The number of activated expert parameters per token is

\[ P_{\mathrm{active/token}} = 3kHI. \]

The key MoE scaling property is \[ P_{\mathrm{MoE}}\propto E, \qquad P_{\mathrm{active/token}}\propto k. \] For fixed \(k\), capacity grows with \(E\), but active expert compute does not.

9.2 Activation and Buffer Memory

The replicated residual activation costs

\[ M_Hs=BTHs \]

bytes per GPU in classic TP.

During expert execution, each GPU holds approximately

\[ \frac{\gamma kN_t}{p} \]

token-expert assignments. The expert input buffer therefore costs approximately

\[ \mathrm{Mem}_{\mathrm{expert\ buffer}} = \frac{\gamma kN_tH}{p}s = \frac{\gamma kM_H}{p}s. \]

The output buffer has the same order of memory.

9.3 KV Cache

With TP-sharded attention heads, the per-block KV cache per GPU is approximately

\[ \mathrm{Mem}_{\mathrm{KV,block,GPU}} = \frac{2BTH_{kv}s}{p}, \]

assuming the key/value heads are partitioned evenly across ranks. Across \(L\) decoder blocks:

\[ \mathrm{Mem}_{\mathrm{KV,total,GPU}} = \frac{2LBTH_{kv}s}{p}. \]

10. Practical Notes

Issue Why it matters
Load balance If many tokens route to the same expert, one GPU can become a straggler. Auxiliary losses, expert capacity, token dropping, or expert-choice routing are often used to control this.
AllToAll topology AllToAll stresses the interconnect differently from AllReduce. Good placement across network domains matters.
Small-message decode Decode has small \(N_t\), so latency and launch overhead can dominate even when byte volume is low.
Padding factor \(\gamma\) Capacity padding makes expert kernels regular, but increases communication and buffer memory.
Nested TP inside experts If experts are too large for one GPU, introduce separate TP and EP degrees. The formulas in this article intentionally avoid that case.

11. Summary

Tensor parallelism and expert parallelism solve different scaling problems. Tensor parallelism partitions large dense matrix multiplications. Expert parallelism partitions a large set of experts across GPUs.

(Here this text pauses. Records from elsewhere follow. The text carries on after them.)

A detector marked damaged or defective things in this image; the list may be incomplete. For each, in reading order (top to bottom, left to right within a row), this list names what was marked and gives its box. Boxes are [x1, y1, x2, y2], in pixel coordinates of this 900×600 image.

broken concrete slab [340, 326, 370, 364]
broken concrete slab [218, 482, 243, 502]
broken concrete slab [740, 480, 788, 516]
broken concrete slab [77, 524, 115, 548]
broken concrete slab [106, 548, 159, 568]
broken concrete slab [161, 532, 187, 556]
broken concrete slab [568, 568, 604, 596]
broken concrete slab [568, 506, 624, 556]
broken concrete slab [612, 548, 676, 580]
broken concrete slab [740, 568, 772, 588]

For \(p\) GPUs and \(E\) experts with \(E\bmod p=0\), each GPU stores \(E/p\) experts. The router sends each token to \(k\) selected experts. Dispatch and combine are AllToAll operations whose local payload scales with \(\gamma kM_H/p\), while the total expert capacity scales with \(E\).

The central MoE tradeoff is "more parameters without evaluating all parameters per token."

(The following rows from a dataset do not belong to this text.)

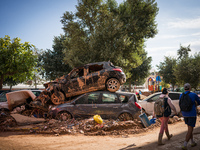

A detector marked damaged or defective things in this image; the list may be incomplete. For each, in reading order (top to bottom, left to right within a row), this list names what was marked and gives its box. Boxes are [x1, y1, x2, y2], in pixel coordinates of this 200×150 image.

crushed car [39, 61, 126, 105]
rusty car [43, 61, 126, 105]
rusty car [49, 90, 141, 120]
crushed car [49, 90, 141, 120] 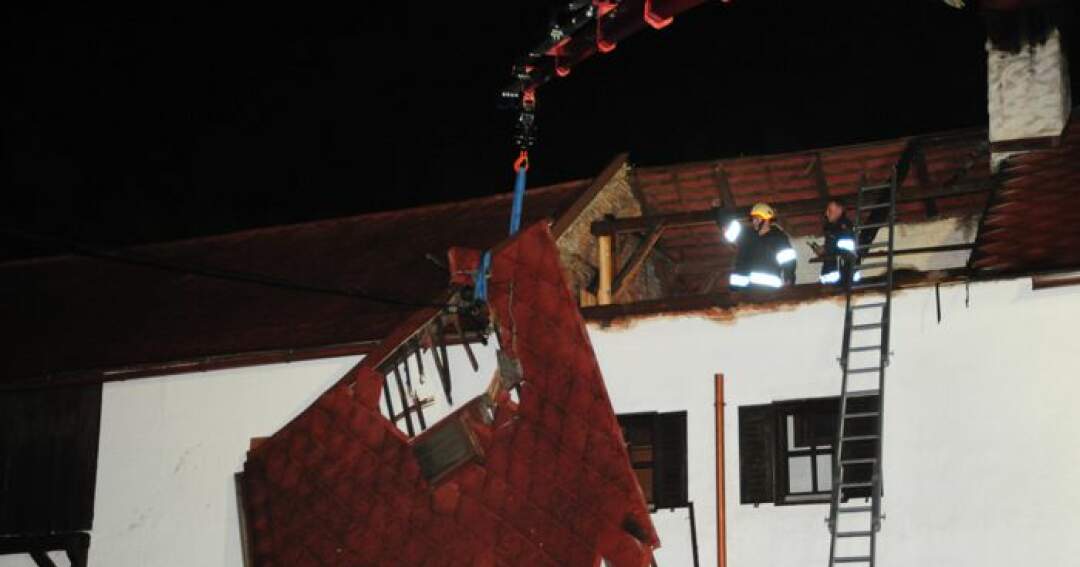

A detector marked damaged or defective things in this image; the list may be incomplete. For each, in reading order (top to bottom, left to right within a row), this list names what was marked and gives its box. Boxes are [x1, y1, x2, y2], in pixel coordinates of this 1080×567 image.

damaged roof [241, 224, 656, 565] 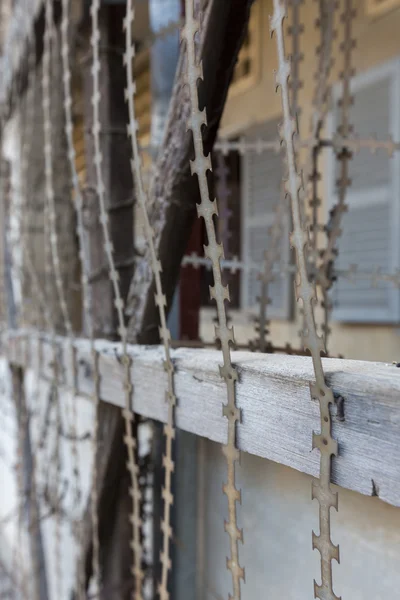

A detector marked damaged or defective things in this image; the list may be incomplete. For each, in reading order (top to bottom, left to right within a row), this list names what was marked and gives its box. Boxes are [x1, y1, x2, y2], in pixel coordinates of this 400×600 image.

corroded metal strip [90, 2, 143, 596]
rusty barbed wire [90, 0, 144, 596]
corroded metal strip [123, 2, 177, 596]
rusty barbed wire [123, 3, 177, 596]
rusty barbed wire [181, 2, 244, 596]
corroded metal strip [183, 2, 245, 596]
corroded metal strip [270, 2, 340, 596]
rusty barbed wire [270, 2, 340, 596]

The cost is extra routing complexity, AllToAll communication, load-balancing constraints, and more complicated serving systems. This is why MoE models can scale far beyond dense models in parameter count, but require careful distributed-systems design to run efficiently.

References

  1. A. Vaswani, N. Shazeer, N. Parmar, J. Uszkoreit, L. Jones, A. N. Gomez, Ł. Kaiser, and I. Polosukhin, “Attention is all you need,” in Advances in Neural Information Processing Systems, vol. 30, pp. 5998–6008, 2017. Available: NeurIPS proceedings.